The trip two weeks ago the Brimley's were going great guns in S.C. And
this trip the ones I found were very long pauses between calls, and very
few calling. And the temp was 68 degrees and very humid/misty, every
frog that was anywhere near breeding season was calling.
I would not say Brimley's is one I'm all that familiar with, I'm relying
on the info from several herps folks as to when they call.
> Scaphiopus holbrooki is always a fortunate sometimes find. Congratulations
> again! My first introduction was in DelMarVa in 1956, while a junior in HS
> on a DVOC birding trip. As you say, heavy rains had brought up a breeding
> congress which only lasted a very few hours. Then, eggs and silence. I
> thought they were common everywhere as a result of this fortuitous trip.

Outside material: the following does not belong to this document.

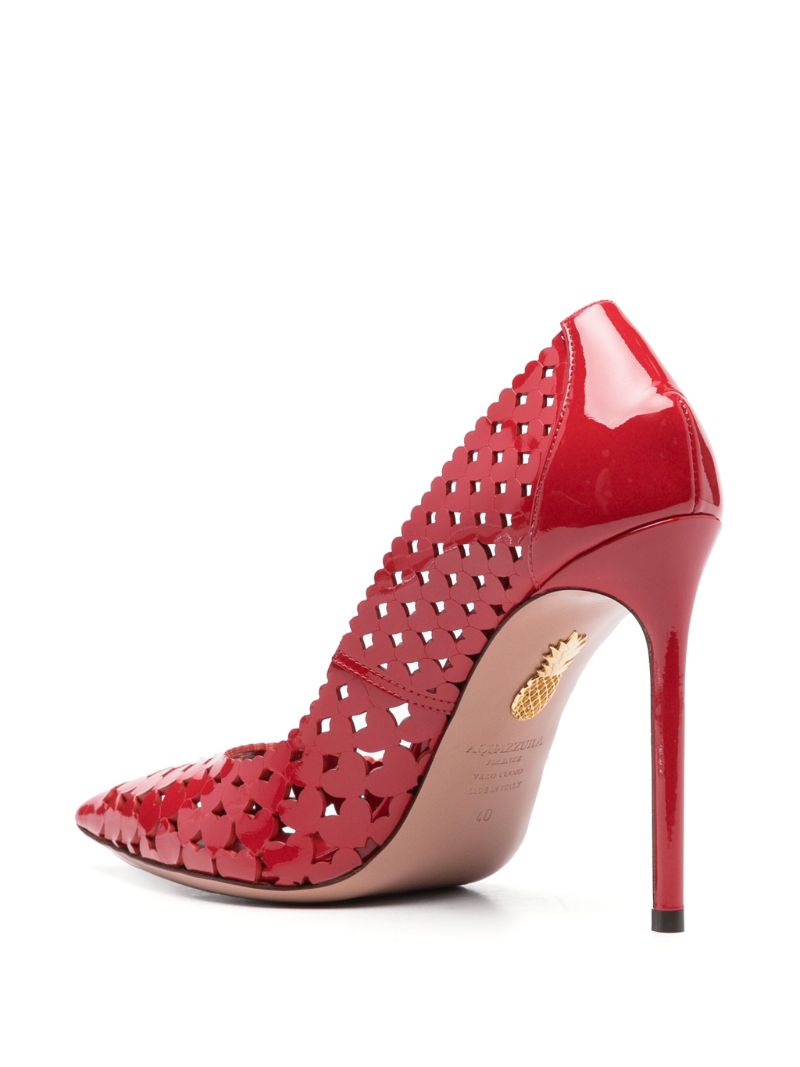 Red 105mm Amourose Pumps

> They have apparently been extirpated from all New England since the 1940's,
> likely by DDT. In 1975, the chairman of the Cons Comm of Lincoln, Mass,
> Quincy Adams showed me ponds in Lincoln where he had found spadefoots
> commonly after heavy summer rains as a boy (he was then 83), but none since
> about 1950.
I think they are doing fine down here. We have all the AG sprays here
too. I've found them in widely separate parts of the state. When I
manage to find them they are plentiful. That was the case here, I heard
a dozen or more choruses of them that night, in addition to the one I
recorded.
What's more, the night after I got back I was outside and am almost
certain I heard their calls from my house. Very distant, and before I
could get a bearing traffic picked up on the nearby highway and I could
not hear them again. They have been recorded from my county in the past,
I've so far not found them here.
The other way to find them is drive along likely roads at night shining
lights on the road banks. They have very distinctive pink eyeshine, easy
to spot. I've had success at that a few times when they were not calling.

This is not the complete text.